→ PROBLEM TO SOLVE
Repeat exactly the lines of the records below, starting at the line containing "Platte kwast 2" and ending at the line containing "Spinder Design kapstok". Leave the pictures out.

→ STUDY MATERIAL
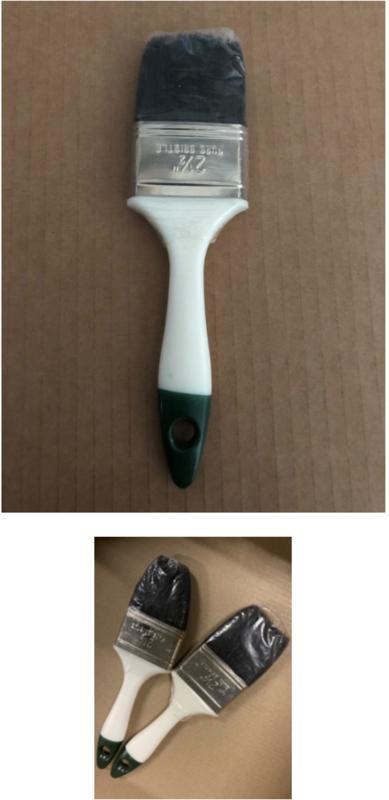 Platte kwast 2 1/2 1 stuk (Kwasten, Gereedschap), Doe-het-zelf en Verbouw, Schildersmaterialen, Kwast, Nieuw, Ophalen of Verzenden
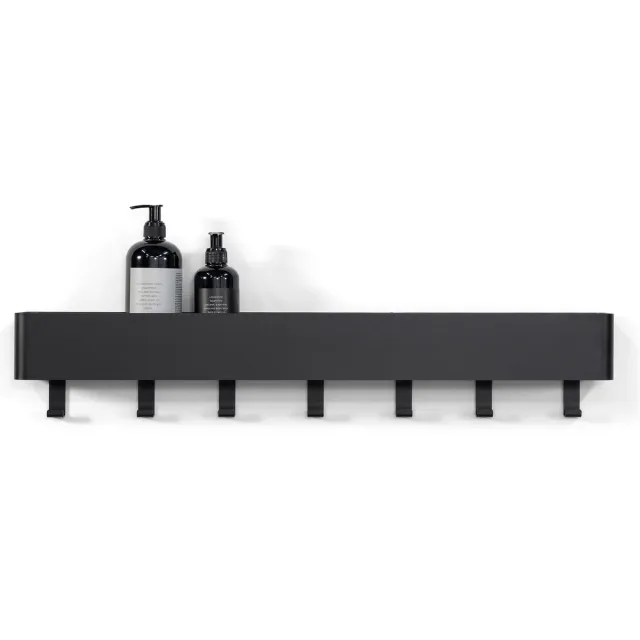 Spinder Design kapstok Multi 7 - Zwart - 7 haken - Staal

* * *

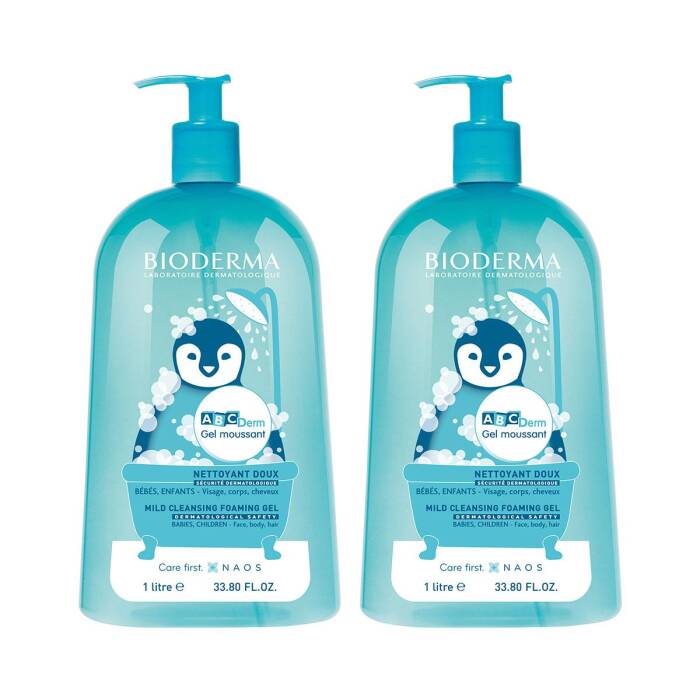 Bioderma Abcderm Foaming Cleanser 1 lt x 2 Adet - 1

→ WRITTEN RESPONSE
 Platte kwast 2 1/2 1 stuk (Kwasten, Gereedschap), Doe-het-zelf en Verbouw, Schildersmaterialen, Kwast, Nieuw, Ophalen of Verzenden
 Spinder Design kapstok Multi 7 - Zwart - 7 haken - Staal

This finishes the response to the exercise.